Cela confirme la difficulté de ces filières
En définitive, peu importe l’origine sociale des étudiants, les études littéraires sont élitistes par rapport à leur niveau d’exigence. Elles sont aussi élitistes par rapport aux sacrifices personnelles qu’elles demandent, comparées aux filières scientifiques ou commerciales qui apportent des profits matériels directs à leurs étudiants.
Par conséquent, le fait que ces filières soient boudées est certainement une bonne chose : cela montre premièrement que tout le monde ne peut pas s’improviser bon lecteur d’Eluard ou de Bataille ou bon lecteur des archives de l’Inquisition du XVème siècle uniquement accessibles au Vatican en latin médiéval.
Il faut du temps, de la patience et du talent pour étudier ces matières et seule une poignée d’élèves en sont capables. Les autres ne leur sont pas du tout inférieurs, simplement c’est loin d’être leur tasse de thé, d’un thé très corsé qui est loin de satisfaire quelconque de vos plaisirs. En témoignent les mutuelles de professeurs qui remboursent à 100% les séances chez les psychologues.
Cela illustre un système éducatif trop centré sur les filières classiques
Deuxièmement, cela montre l’incohérence du système éducatif français : rien ne sert de proposer des matières comme l’histoire ou les lettres à des jeunes gens qui vont finir en marketing ou en communication. De plus, il serait bien plus utile de favoriser davantage les filières techniques : arrêtons cette hiérarchie des savoirs, comme si aller à l’université rendait les jeunes plus intelligents ou plus qualifiables.
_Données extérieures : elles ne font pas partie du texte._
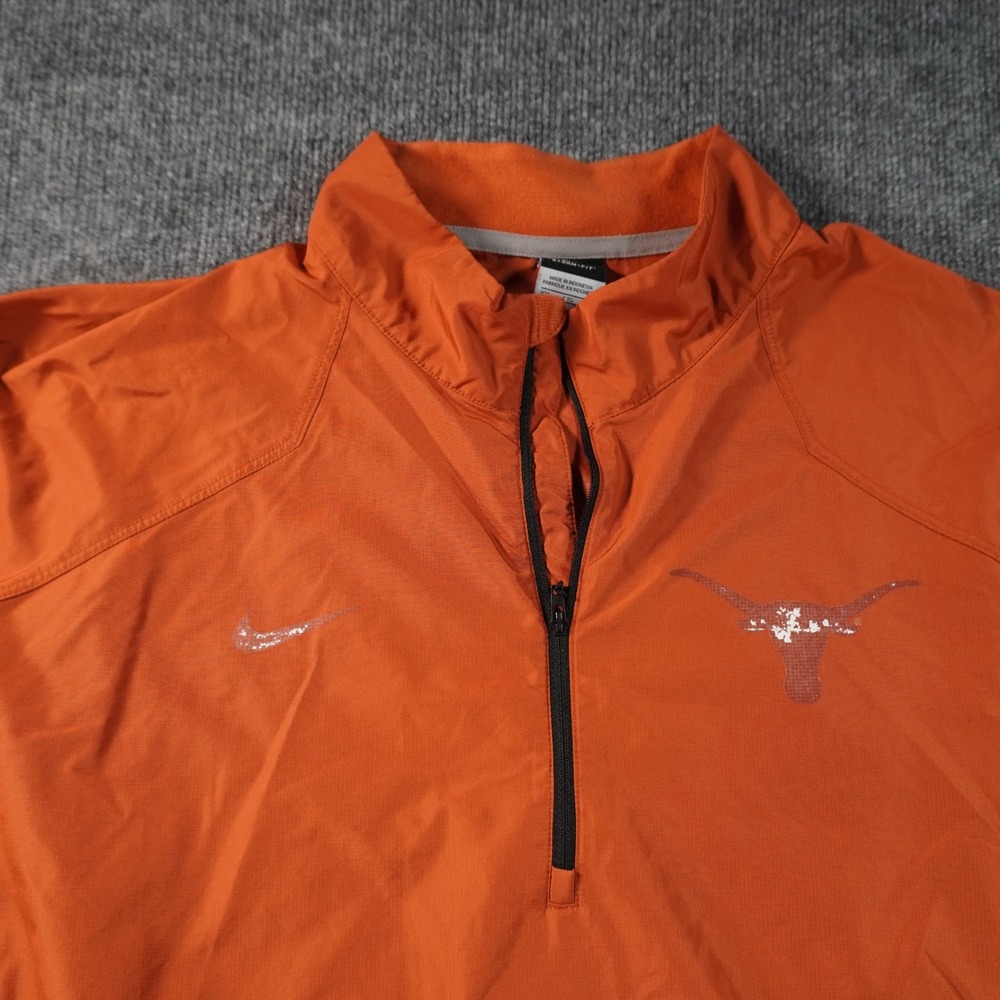 Nike Windbreaker Mens XXL Orange Texas Longhorns Storm-Fit Quarter Zip Pullover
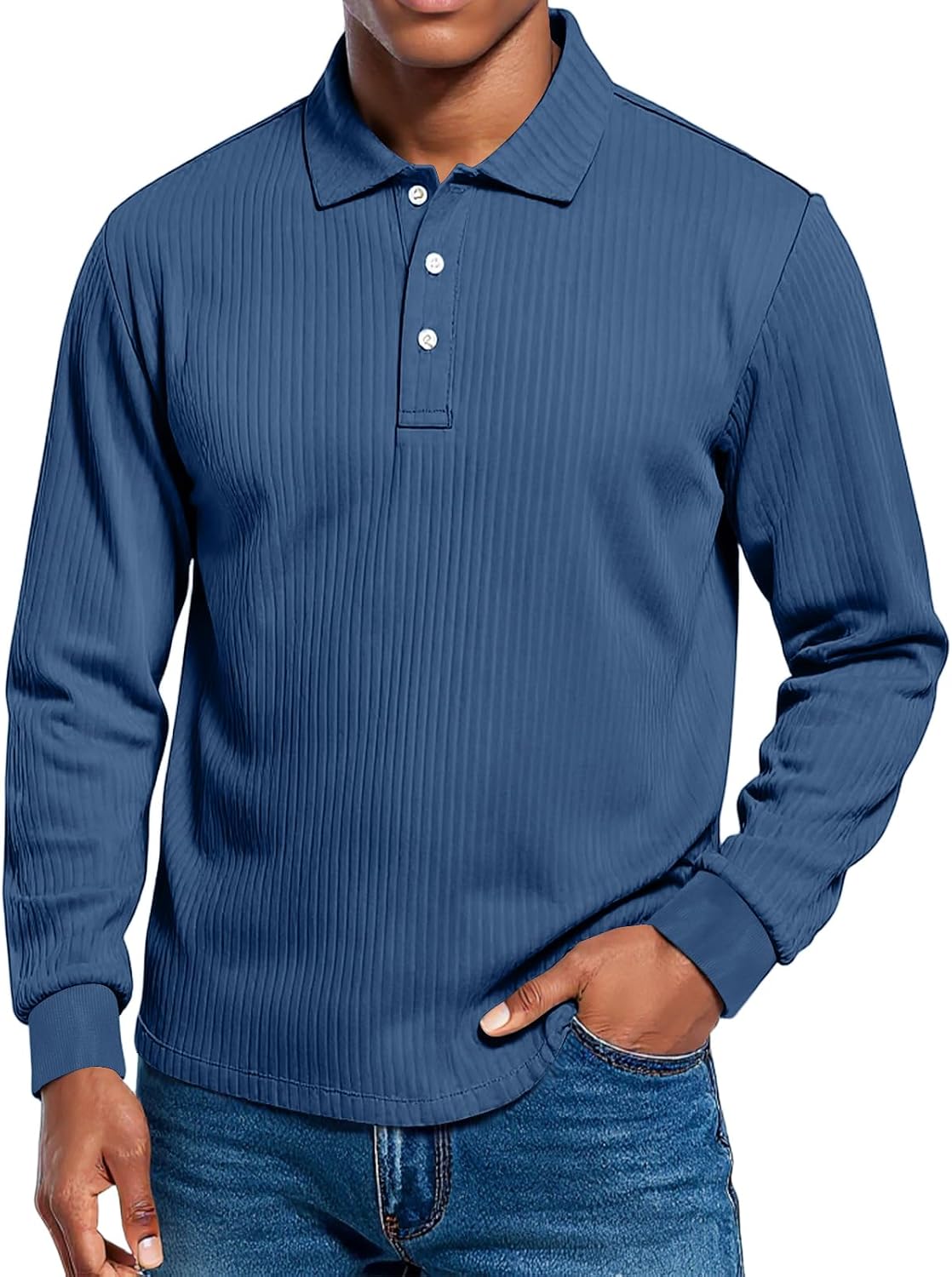 Ymosrh Men's Casual Polo Shirt for Men, Long Sleeve Casual Basic Textured Dress Collar T-Shirt, S-3XL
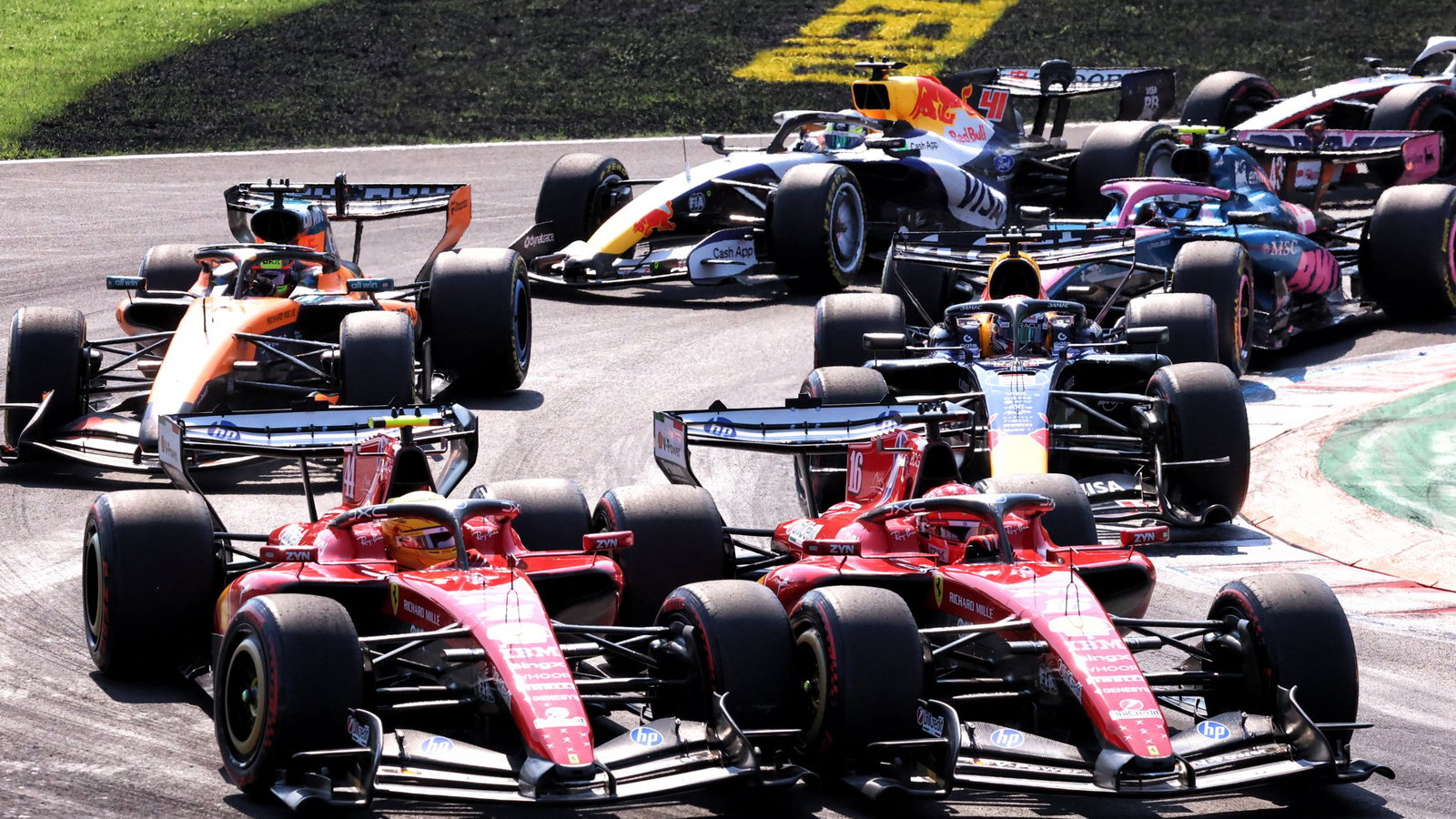 Lewis Hamilton and Charles Leclerc clashed at Turn 1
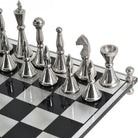 Yates Chess Set Featuring Acrylic Base and 32 Aluminium Pieces by Libra Interiors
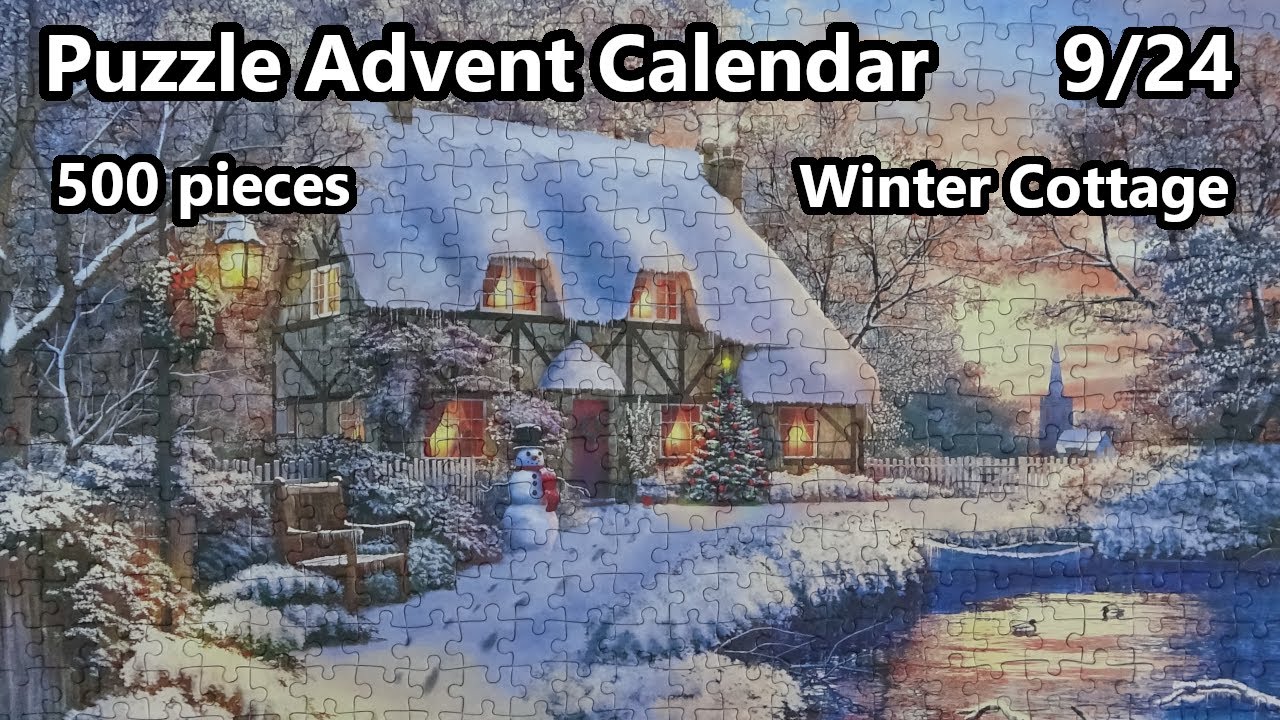 Winter Cottage - 500 pieces Castorland jigsaw puzzle timelapse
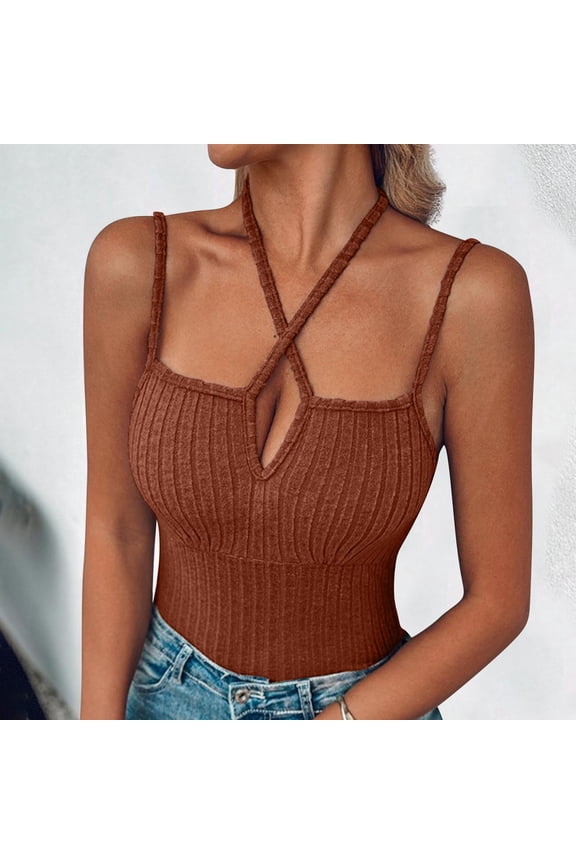 Womens Halter Tank Tops Spaghetti Strap Adjustable Ribbed Going Out Tops 2025 Summer Fashion Backless Shirts Sleeveless Tunic Tops Y2k Clothes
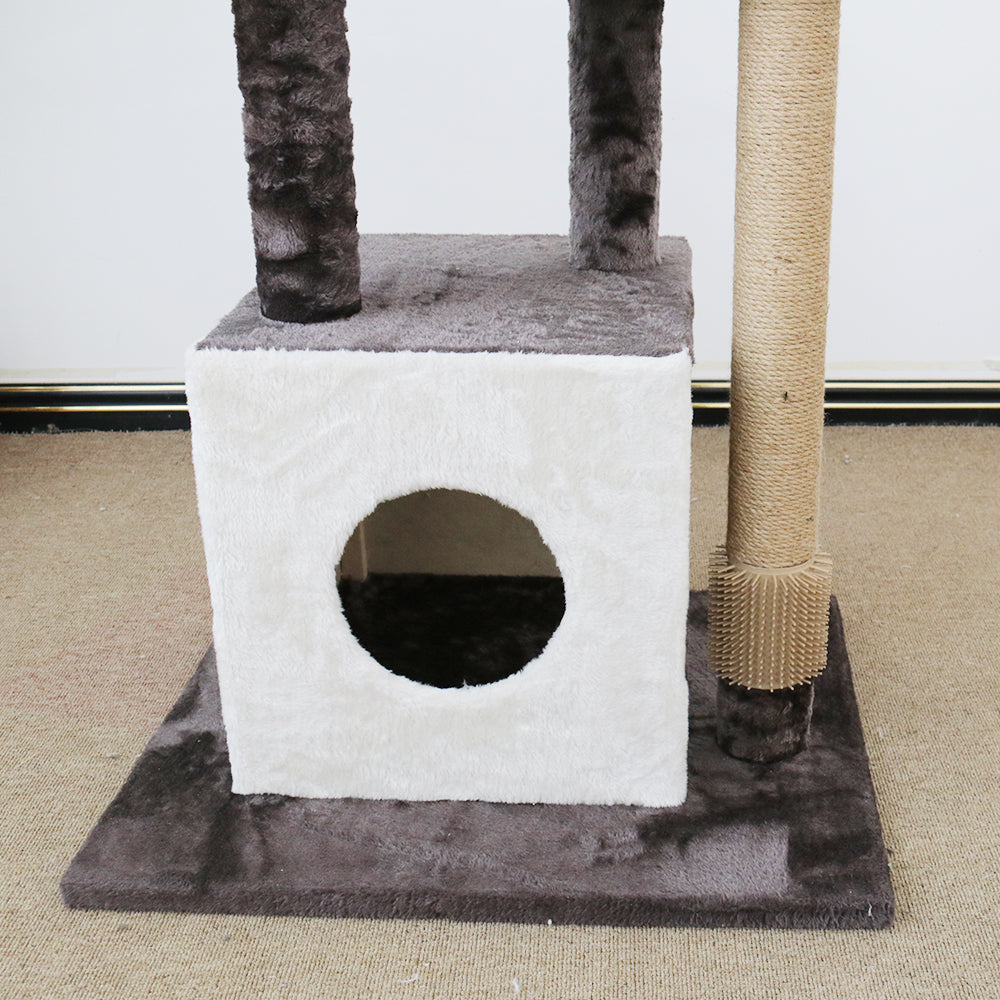 Deluxe Multi-Function Three-Level Dual Cat Scratching Tree 141cm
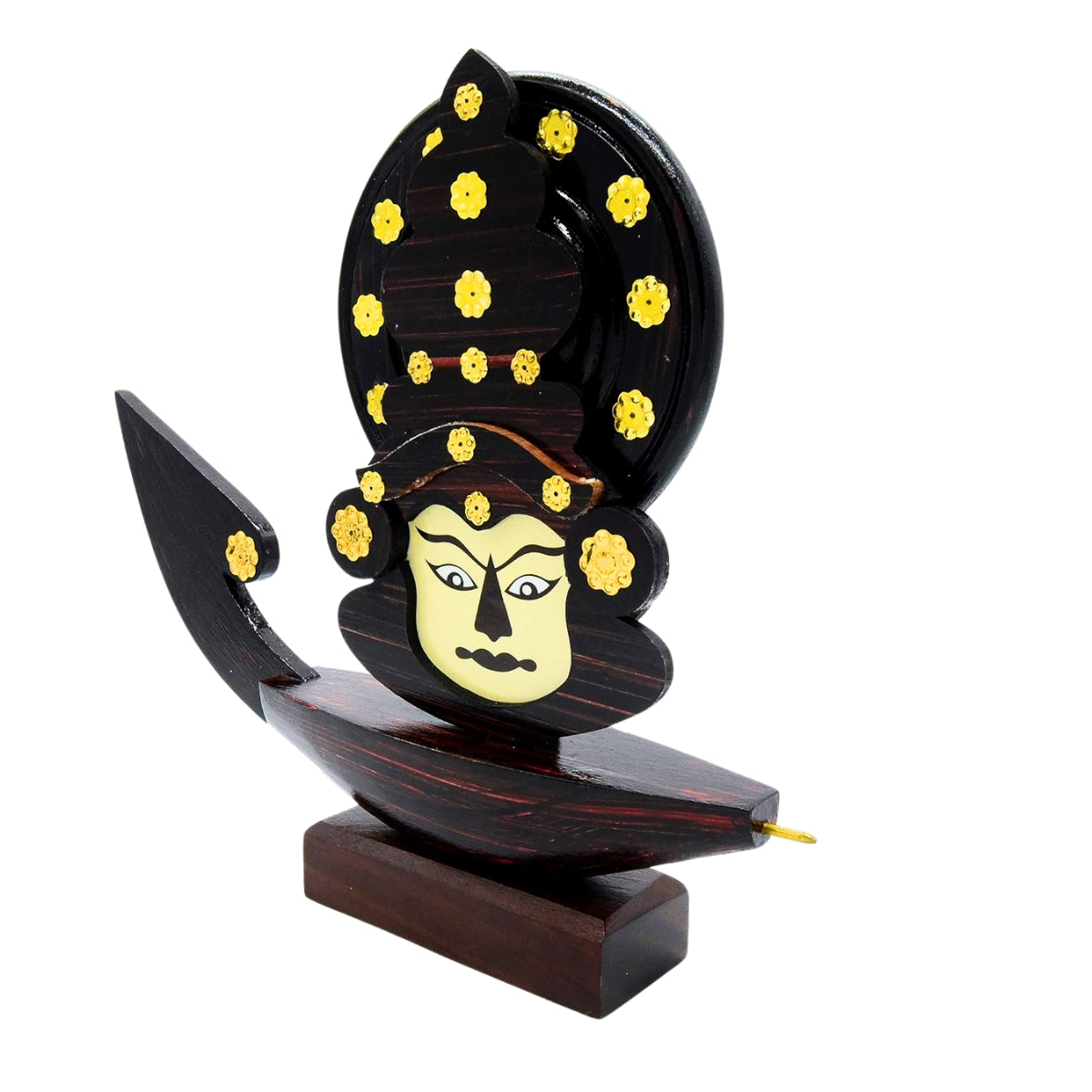 Handcrafted Kerala Snake Boat Showpiece with Kathakali Art – 14 Inches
Cela se voit dans l’éducation mais touche l’ensemble de la société qui continue de hiérarchiser les savoirs pour justifier les inégalités alors qu’en réalité qui est le plus utile à la société entre un éboueur qui s’assure de la propreté d’une ville et un financier qui s’amuse à manipuler l’argent de tout un chacun ? 2008 a certainement répondu à cette question mais nous sommes tous de mauvais élèves qui ne sachons pas revenir sur nos erreurs de fond.